Every year, on May 17, World Hypertension Day is observed in order to educate the public and create awareness of high blood pressure (BP) or hypertension which has no symptoms or warning signs. The HEALTH PIONEER reports
An alarming one in four Indian adults has high blood pressure. Known medically as hypertension, many people don't even know they have it, because high blood pressure has no symptoms or warning signs.
“But only about 10 per cent of them have their blood pressure under control,” according to a report by the India Hypertension Control Initiative. Releasing the report, the Indian Council of Medical Research Director-General, Dr. Balram Bhargava, emphasized making hypertension a national priority.
Prashant Mathur, director of ICMR’s National Centre for Disease Informatics and Research, Bengaluru, and corresponding author of the study chips in that “recognizing the low awareness and high rates of drop-outs between the diagnosis of hypertension, its treatment and control calls for better planning of providing a continuum of care for high blood pressure.”
For both women and men, the prevalence increases sharply with age.
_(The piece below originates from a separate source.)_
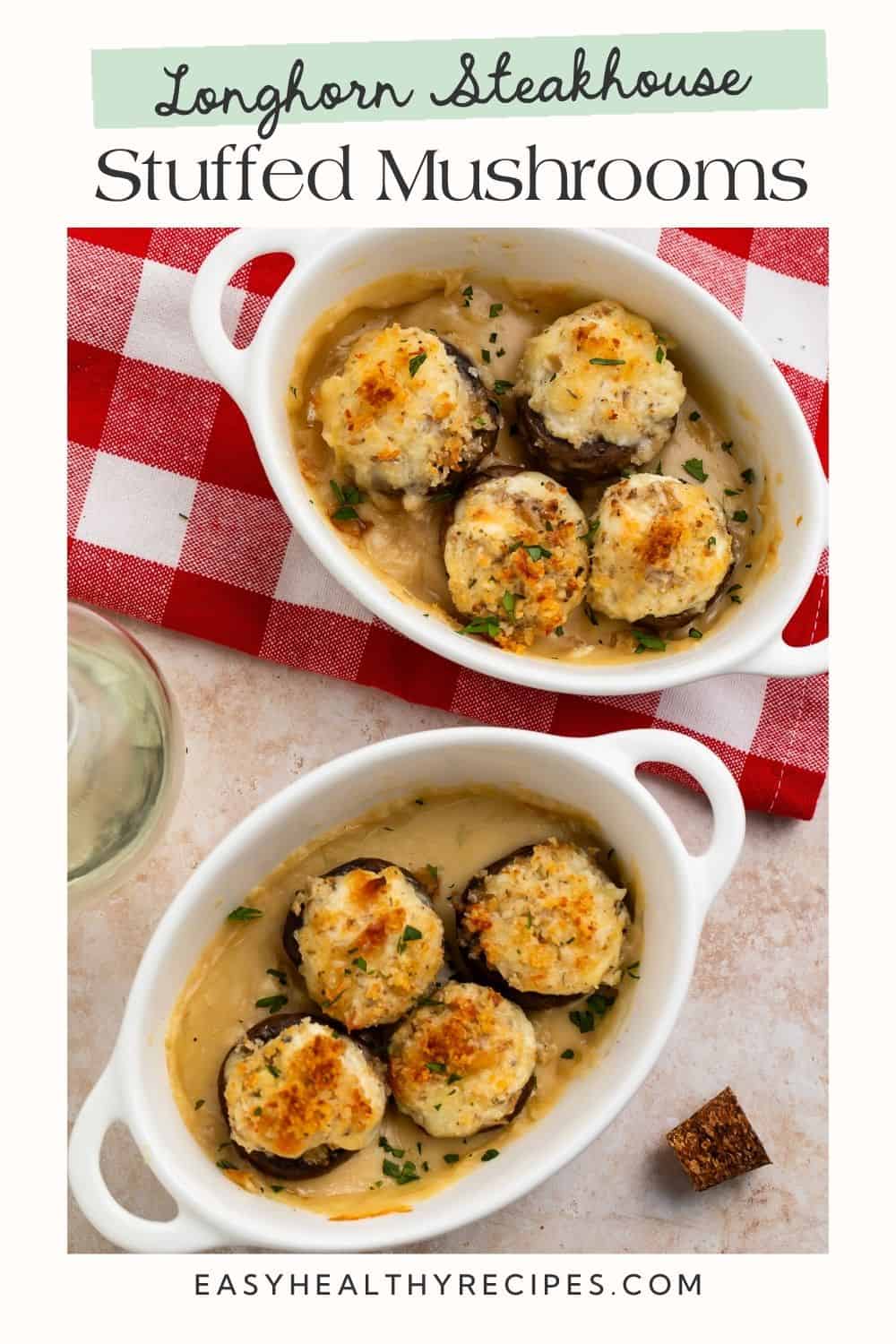 Two white fishes of baked stuffed mushrooms on a folded red and white gingham table cloth. There is a white frame on the image with a Pinterest-optimised text overlay.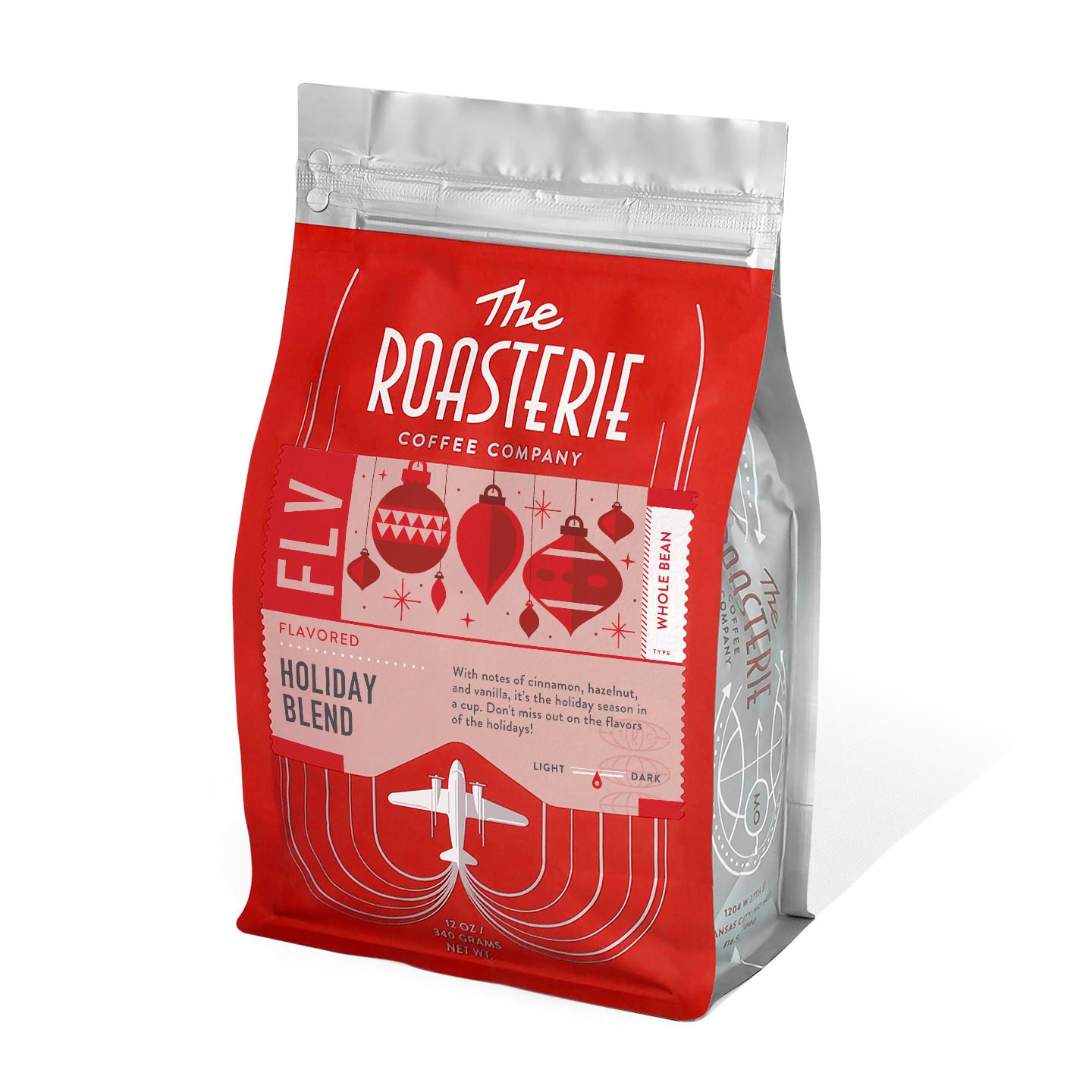 A pack of The Roasterie-Decaf Holiday Blend coffee, with red and white packaging, featuring holiday-themed graphics such as Christmas trees and a airplane.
The increase is for all categories of hypertension, including pre-hypertension, for both sexes. About one-fourth of women and men aged 40-49 have hypertension, says the study.
The recent National Family Health Survey 5 (NFHS-5) too presents an alarming picture of chronic disease. It shows that when it comes to treatment, only 7 per cent of women and 6 per cent of men who have been diagnosed with high blood pressure are on medication.
The survey also found that 33 per cent of women and 46 per cent of men have never got their blood pressures measured. Based on the blood pressure measurement, the NFHS-5 found 21 per cent of women and 24 per cent of men are having hypertension marked by a blood pressure measurement of 140/90 or above.
When elevated blood pressure is accompanied by abnormal cholesterol and blood sugar levels, the damage to your arteries, kidneys, and heart accelerates exponentially. According to a study presented at the American Stroke Association’s International Stroke Conference recently, hypertensive young people between the ages of 20 to 40 could experience brain problems in their midlife.
Last year, the World Health Organisation modified its blood pressure control guideline, suggesting that a systolic pressure of 130 should be the threshold to start medication in people with a history of heart complications or other risk factors whereas for others such a threshold would be 140/90.
Fortunately, high blood pressure is easy to detect and treat. Blood Pressure can be kept under control in a healthy range simply by making lifestyle changes, such as losing weight, increasing activity, and eating more healthfully, say doctors.
Ishwar V. Basavaraddi, Director of Morarji Desai National Institute of Yoga (MDNIY) tells you, “We have a range of yoga asanas, pranayama, and meditation that help to open up the chest cavity, improve lung capacity, and increase cardiopulmonary function, which leads to maintaining physical activity for longer.” According to him, some of the Yoga asanas that can help in beating high blood pressure are: Tadasana without heel raise/ Katicakrasana/ Ushtrasana/Gomukhasana/ Uttanmandukasana/ Bhujangasana/ Ardha halasana/ Shavasana / Yoga Nidra/Abdominal Breathing (30 times)/ Nadi shodhan pranayama/ Sitali pranayama/ Bhramari pranayama and Dhyana.